The currency last traded at the 93 handle against the dollar, just 0.5 percent shy from Tuesday's near one-month high of 93.5 as market participants turn skeptical if the Bank of Japan (BOJ) can deliver on its promises of open-ended asset purchases.
(Read More: Will Japan's Central Bank Deliver or Disappoint?)
"I think they (BOJ) will disappoint. They're not going to move as fast as the market would like. Kuroda has to deal with a board that was appointed by the previous government and we know that this board is not inclined to step up monetary easing a lot," said Richard Martin, managing director at IM Asia on CNBC's "The Call."
Dollar/Yen Six-Month Chart
Views like these have led the currency to steadily accelerate ever since March 12, when it hit a three-and-a-half year low of 96.7 against the greenback.
"At this point, rhetoric is not going to be enough to push dollar-yen to the upside. They're really going to have to dramatically increase their QE (quantitative easing) program and right now, that's an open question. So, that's why you see dollar-yen struggling ahead of the release," said Boris Schlossberg, managing dirctor at BK Asset Management on CNBC's "Asia Squawk Box."
Markets are currently expecting the central bank to start open-ended asset purchases immediately and any disappointment could put an end to profits that yen bears have been reaping in recent months.

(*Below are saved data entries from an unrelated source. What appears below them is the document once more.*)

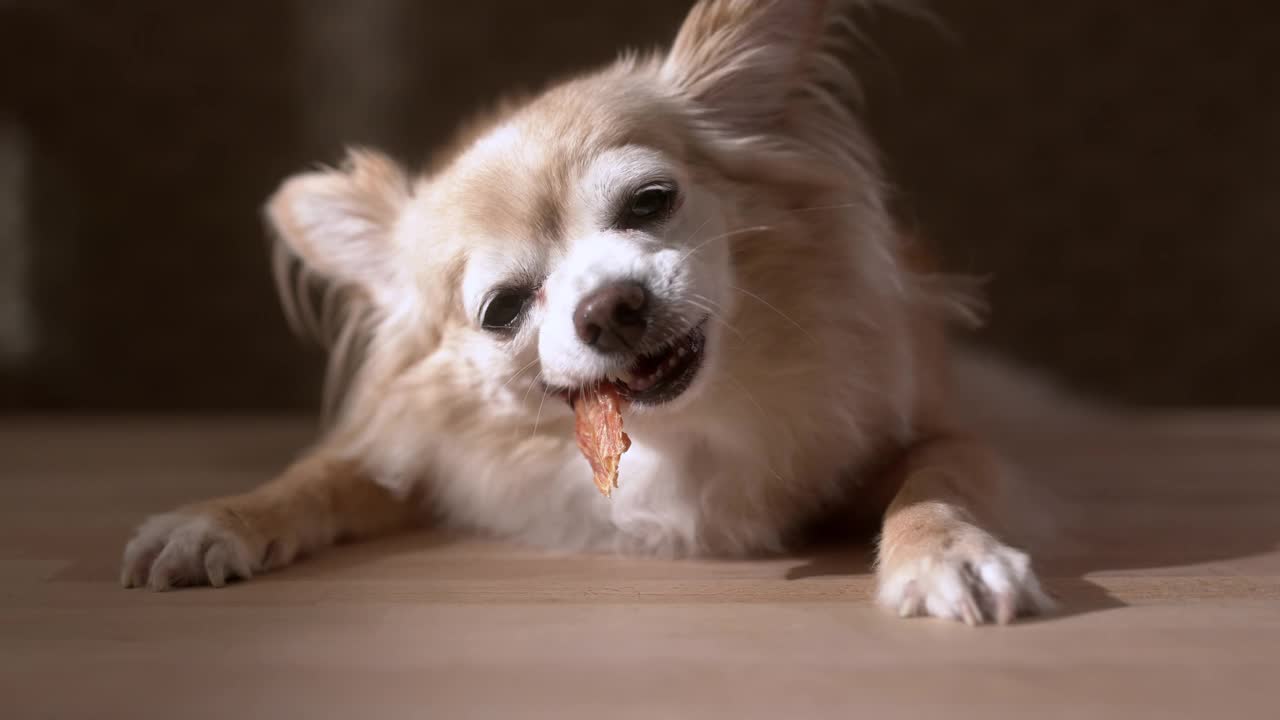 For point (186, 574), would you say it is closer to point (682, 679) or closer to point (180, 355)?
point (682, 679)

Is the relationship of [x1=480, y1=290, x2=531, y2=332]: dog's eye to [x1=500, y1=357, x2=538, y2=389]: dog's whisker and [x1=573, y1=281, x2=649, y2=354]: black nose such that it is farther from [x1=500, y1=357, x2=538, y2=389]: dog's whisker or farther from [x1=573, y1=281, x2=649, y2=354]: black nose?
[x1=573, y1=281, x2=649, y2=354]: black nose

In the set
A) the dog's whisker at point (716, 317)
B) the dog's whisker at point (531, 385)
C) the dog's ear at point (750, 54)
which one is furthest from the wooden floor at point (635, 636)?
the dog's ear at point (750, 54)

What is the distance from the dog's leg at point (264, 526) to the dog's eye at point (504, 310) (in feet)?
1.58

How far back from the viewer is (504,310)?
1.75 metres

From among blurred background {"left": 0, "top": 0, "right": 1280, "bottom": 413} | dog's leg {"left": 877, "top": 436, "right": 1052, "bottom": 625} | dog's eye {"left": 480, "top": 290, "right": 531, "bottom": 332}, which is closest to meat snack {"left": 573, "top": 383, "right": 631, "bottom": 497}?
dog's eye {"left": 480, "top": 290, "right": 531, "bottom": 332}

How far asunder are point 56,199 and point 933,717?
3.70 meters

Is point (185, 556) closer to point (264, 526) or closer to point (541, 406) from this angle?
point (264, 526)

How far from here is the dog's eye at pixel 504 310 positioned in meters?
1.73

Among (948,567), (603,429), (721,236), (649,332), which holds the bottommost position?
(948,567)

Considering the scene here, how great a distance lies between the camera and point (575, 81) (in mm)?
2031

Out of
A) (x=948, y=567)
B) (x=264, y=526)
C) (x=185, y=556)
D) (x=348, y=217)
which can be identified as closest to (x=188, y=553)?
(x=185, y=556)

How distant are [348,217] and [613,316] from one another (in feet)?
2.63

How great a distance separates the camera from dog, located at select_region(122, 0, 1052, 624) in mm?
1669

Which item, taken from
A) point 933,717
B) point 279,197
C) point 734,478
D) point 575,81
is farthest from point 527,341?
point 933,717
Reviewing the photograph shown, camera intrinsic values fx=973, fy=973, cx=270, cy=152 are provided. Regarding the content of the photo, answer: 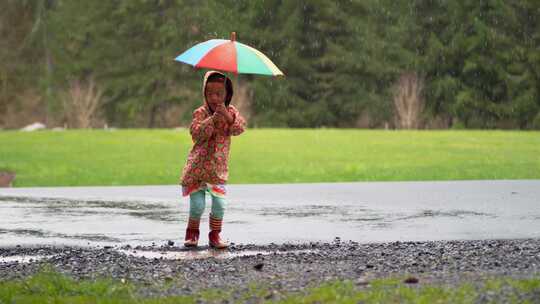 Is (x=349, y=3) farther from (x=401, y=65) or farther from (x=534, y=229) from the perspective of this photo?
(x=534, y=229)

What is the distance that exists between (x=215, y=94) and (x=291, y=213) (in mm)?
4429

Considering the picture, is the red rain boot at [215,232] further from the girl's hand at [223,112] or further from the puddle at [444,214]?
the puddle at [444,214]

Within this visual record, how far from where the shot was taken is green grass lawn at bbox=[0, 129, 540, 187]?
22.4 metres

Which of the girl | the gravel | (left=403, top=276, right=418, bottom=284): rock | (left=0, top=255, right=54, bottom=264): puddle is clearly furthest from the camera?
the girl

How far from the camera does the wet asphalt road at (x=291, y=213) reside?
10.5m

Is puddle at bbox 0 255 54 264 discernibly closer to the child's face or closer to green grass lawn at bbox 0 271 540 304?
green grass lawn at bbox 0 271 540 304

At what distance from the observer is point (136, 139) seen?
30359mm

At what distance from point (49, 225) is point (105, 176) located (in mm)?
10697

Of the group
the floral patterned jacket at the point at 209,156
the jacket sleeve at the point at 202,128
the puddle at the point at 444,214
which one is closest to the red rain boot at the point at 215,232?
the floral patterned jacket at the point at 209,156

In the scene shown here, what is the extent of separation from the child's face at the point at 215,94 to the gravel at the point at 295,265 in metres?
1.39

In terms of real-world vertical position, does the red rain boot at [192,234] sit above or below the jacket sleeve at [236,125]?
below

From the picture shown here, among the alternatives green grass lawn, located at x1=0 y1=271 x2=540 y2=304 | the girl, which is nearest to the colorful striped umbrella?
the girl

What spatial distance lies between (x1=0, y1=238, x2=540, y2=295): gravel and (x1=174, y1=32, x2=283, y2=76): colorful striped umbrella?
1662mm

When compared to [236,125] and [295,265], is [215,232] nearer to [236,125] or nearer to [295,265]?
[236,125] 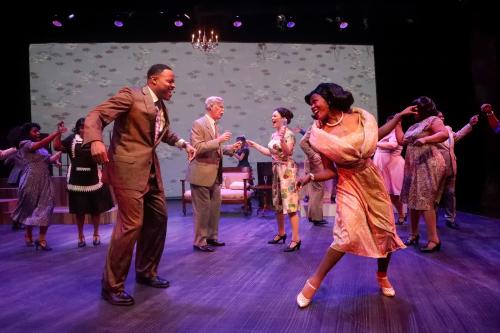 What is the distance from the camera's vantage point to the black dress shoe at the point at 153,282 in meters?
3.17

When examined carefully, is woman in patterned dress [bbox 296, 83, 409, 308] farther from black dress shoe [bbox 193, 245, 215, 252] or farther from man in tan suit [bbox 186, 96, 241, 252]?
black dress shoe [bbox 193, 245, 215, 252]

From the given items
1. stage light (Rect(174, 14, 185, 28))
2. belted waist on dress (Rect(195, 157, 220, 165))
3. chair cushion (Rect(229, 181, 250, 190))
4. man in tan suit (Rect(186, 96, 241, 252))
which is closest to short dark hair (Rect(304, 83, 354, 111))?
man in tan suit (Rect(186, 96, 241, 252))

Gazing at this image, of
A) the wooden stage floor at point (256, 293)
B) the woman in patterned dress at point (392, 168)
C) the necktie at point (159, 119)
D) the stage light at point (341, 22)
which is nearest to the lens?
the wooden stage floor at point (256, 293)

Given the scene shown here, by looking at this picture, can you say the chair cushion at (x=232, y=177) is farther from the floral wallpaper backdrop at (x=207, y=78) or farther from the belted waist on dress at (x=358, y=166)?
the belted waist on dress at (x=358, y=166)

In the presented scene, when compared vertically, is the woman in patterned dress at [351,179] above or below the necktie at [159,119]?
below

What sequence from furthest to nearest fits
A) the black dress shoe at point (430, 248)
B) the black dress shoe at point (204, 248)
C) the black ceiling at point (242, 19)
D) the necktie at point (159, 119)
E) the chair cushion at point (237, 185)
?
1. the black ceiling at point (242, 19)
2. the chair cushion at point (237, 185)
3. the black dress shoe at point (204, 248)
4. the black dress shoe at point (430, 248)
5. the necktie at point (159, 119)

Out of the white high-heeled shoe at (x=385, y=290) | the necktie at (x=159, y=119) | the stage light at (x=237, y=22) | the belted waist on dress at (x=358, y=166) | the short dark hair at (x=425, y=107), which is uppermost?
the stage light at (x=237, y=22)

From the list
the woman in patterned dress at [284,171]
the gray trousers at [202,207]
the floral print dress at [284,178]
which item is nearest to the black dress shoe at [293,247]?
the woman in patterned dress at [284,171]

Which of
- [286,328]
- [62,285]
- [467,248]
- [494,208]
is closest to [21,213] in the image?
[62,285]

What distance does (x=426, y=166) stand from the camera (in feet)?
13.5

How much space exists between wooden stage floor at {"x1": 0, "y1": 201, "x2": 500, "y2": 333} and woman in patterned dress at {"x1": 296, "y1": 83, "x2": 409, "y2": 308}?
34 cm

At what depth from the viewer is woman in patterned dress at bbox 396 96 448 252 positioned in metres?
4.03

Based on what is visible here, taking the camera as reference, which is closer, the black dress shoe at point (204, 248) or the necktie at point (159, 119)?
the necktie at point (159, 119)

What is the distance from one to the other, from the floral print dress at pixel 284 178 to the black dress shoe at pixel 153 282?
5.35 ft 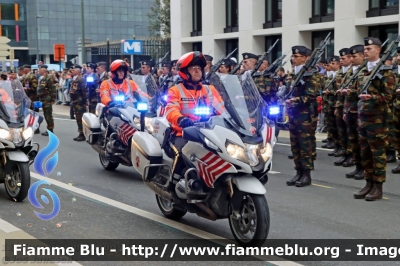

The currency has plunged 15 percent since mid-November, fueled by hopes for Bernanke-style aggressive quantitative easing.
"If action doesn't follow or doesn't work in coming months, expect some of the recent market changes to reverse," wrote Paul Gambles, managing partner at financial advisory firm MBMG in a note.
The yen's appreciation on Thursday further added pressure on major exporter stocks, and spurred a 1.7 percent sell-off in the Nikkei.
Nissan and Isuzu Motors fell over 2 percent while Canon slumped 4.5 percent.
If the currency does continue its current pace of acceleration, investors can expect more steep losses ahead for the Nikkei, which is currently off more than 4 percent from last month's four-and-a-half-year peak.